From a self protection point of view I would not of been there in the first place.

the warnings signs were clear. 

Your in a pub, near to a big rough looking and argumentative person...

do not engage in conversation, just get out of there fast.

strawdog's picture

That was my first reaction too.  Unfortunately, the story is too concerned with using words such as 'yob', 'jobless', and 'benefits' to be of much use in putting the assault in some sort of context.  So maybe the victim played a part in his own downfall, and subsequent flattening.

strawdog's picture

Thanks Tau, I'll look up the techniques that you mentioned.  To be honest, I've no idea what they are!

I share your contempt for this 'newspaper', believe me.

strawdog's picture

Thanks for your comment.  I'm not sure what 'yob' equates to in US English, maybe 'jerk' or 'a---hole'?

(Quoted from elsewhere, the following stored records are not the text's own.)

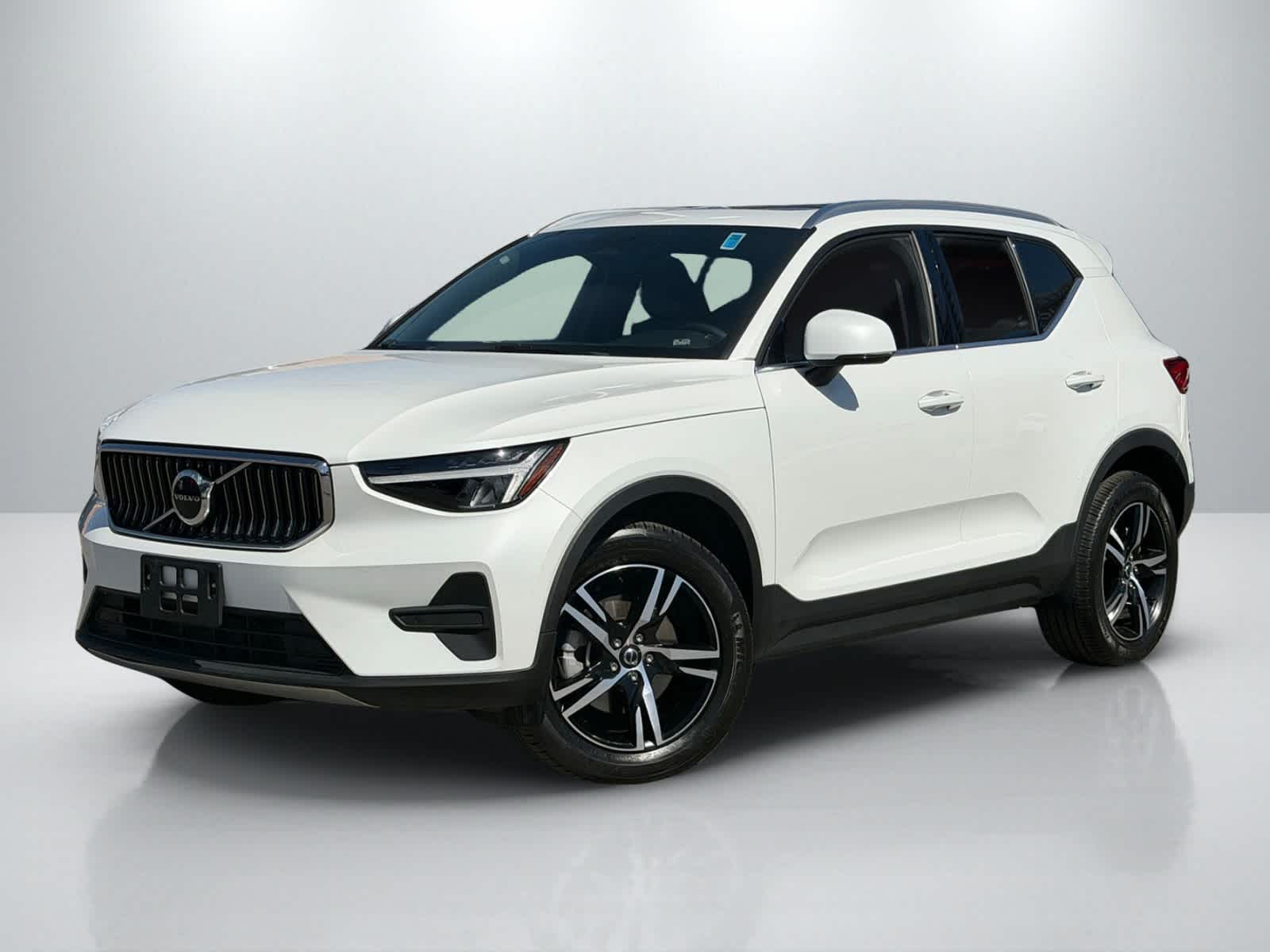2024 Volvo XC40 B5 Core Bright AWD's photo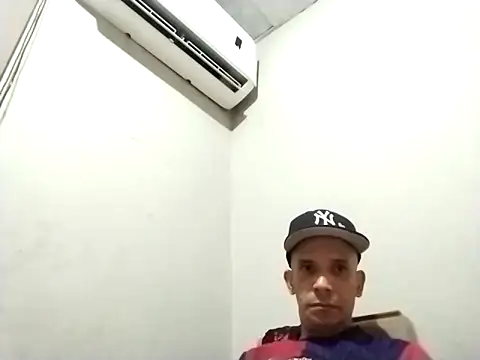 karlossan24 online show from February 27, 2026, 12:16 pm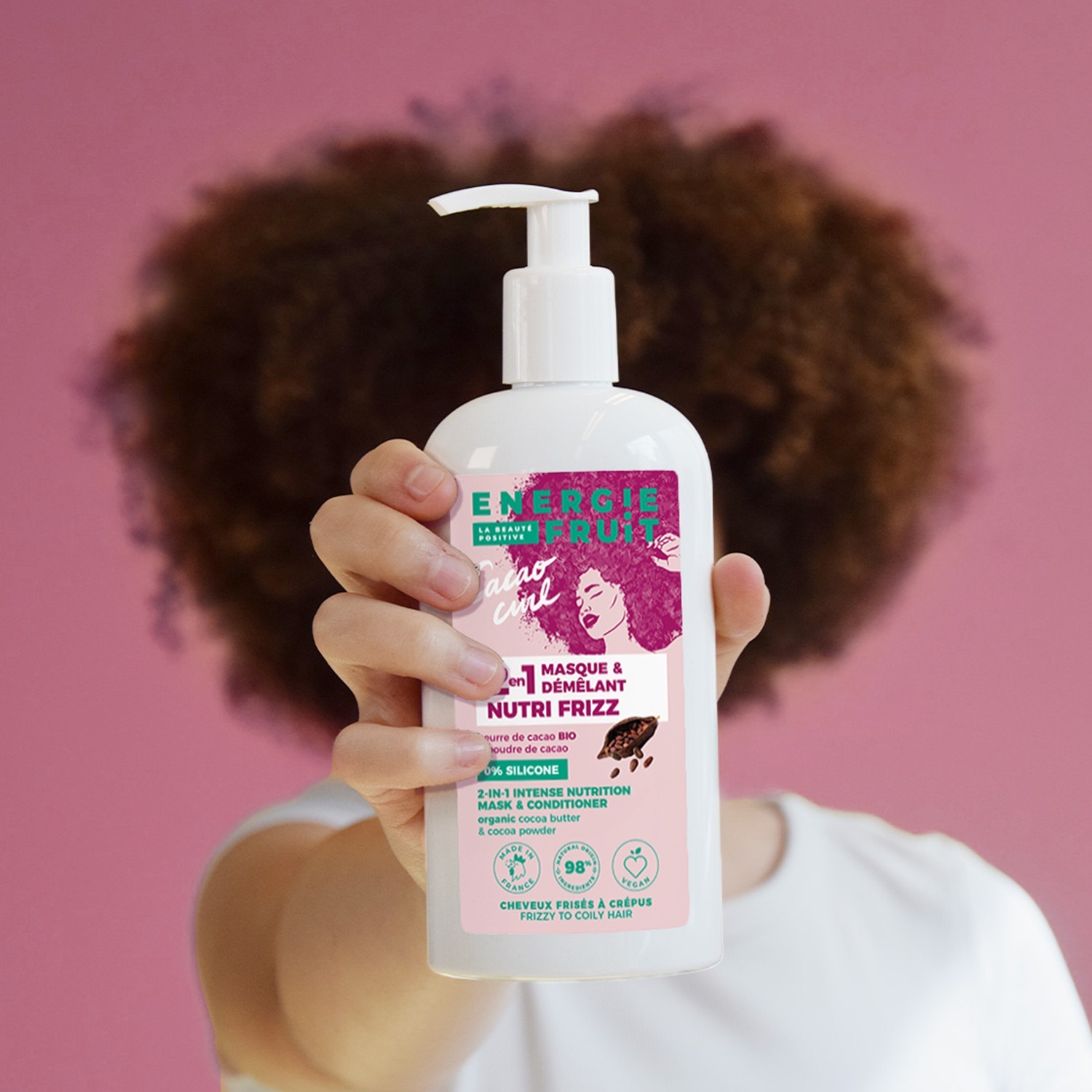 „Energie Fruit 2-in-1 Nutri Frizz“ kaukė garbanotiems ir pasišiaušusiems plaukams – be silikono – su ekologišku kakavos sviestu ir kakavos milteliais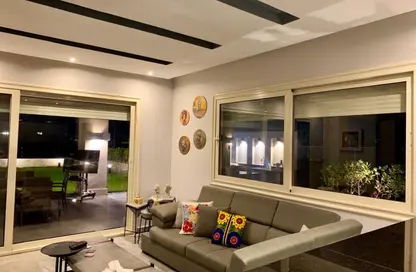 شاليه - 5 غرف نوم - 4 حمامات للبيع في هاسييندا باي - سيدي عبد الرحمن - الساحل الشمالي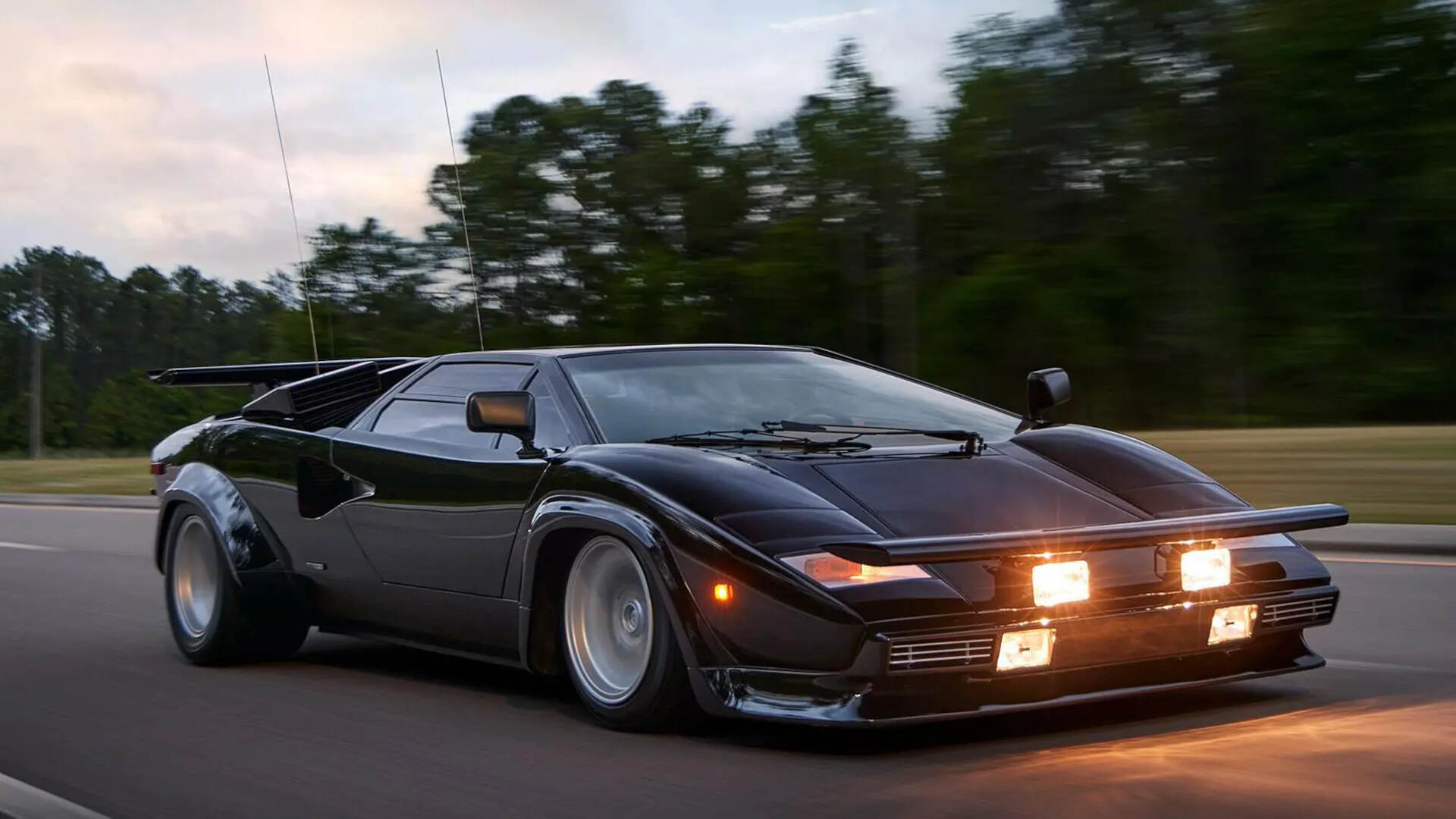 Look at the Lamborghini Countach from ‘The Cannonball Run’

 It's interesting to learn about the situtations people get themselves into, I'd like to think that if avoidance/de-escalation did not work, then stand-up grappling would be the next best option in this context.  Like you, I'm sure I'd be able to escape if I were pinned down by such a heavy guy.

Mr P
Mr P's picture

 Have been pinned down a couple of times in the dojo. At the risk of sounding like a complete animal I have always noticed that the best fight back seemed to be a good bite to a vulnerable area rather like Spartacus in the classic movie of the same name! Have to add that on these occasions I haven't followed through on the idea but suggested it.

dave34's picture

Hello all. I have been reading the responses to this article with interest, but I am surprised that none of you have discussed what seems to me to be an important point. Let's leave aside the issues of who is to blame for the violence and how de-escalation/avoidance could have been used (assuming that either party wished to do so) for the moment. Once things began, the bigger guy struck the smaller guy's head against a solid object several times, before depriving him of oxygen and then placing him in a situation where the speed, strength etc. he may have had while upright were negated.

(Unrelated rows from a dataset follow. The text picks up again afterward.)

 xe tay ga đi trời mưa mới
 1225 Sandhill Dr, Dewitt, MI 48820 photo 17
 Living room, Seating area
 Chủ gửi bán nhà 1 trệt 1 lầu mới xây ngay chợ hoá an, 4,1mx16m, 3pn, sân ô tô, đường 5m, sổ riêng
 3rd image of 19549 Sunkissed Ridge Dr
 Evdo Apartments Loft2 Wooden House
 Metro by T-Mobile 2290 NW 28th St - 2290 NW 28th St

Now, in my opinion, the blows to the head decided everything. I am a halfway competent grappler as I am sure many of you are, but there is a big difference between dojo grappling and fighting a vicious and unrestrained larger opponent while suffering concussion. These are serious, incapacitating and potentially lethal attacks, and the kind of impairment they would cause to the recipient in terms of ability to think, act or even function cannot be over-estimated.

Looking forward to hearing your responses. Regards, David.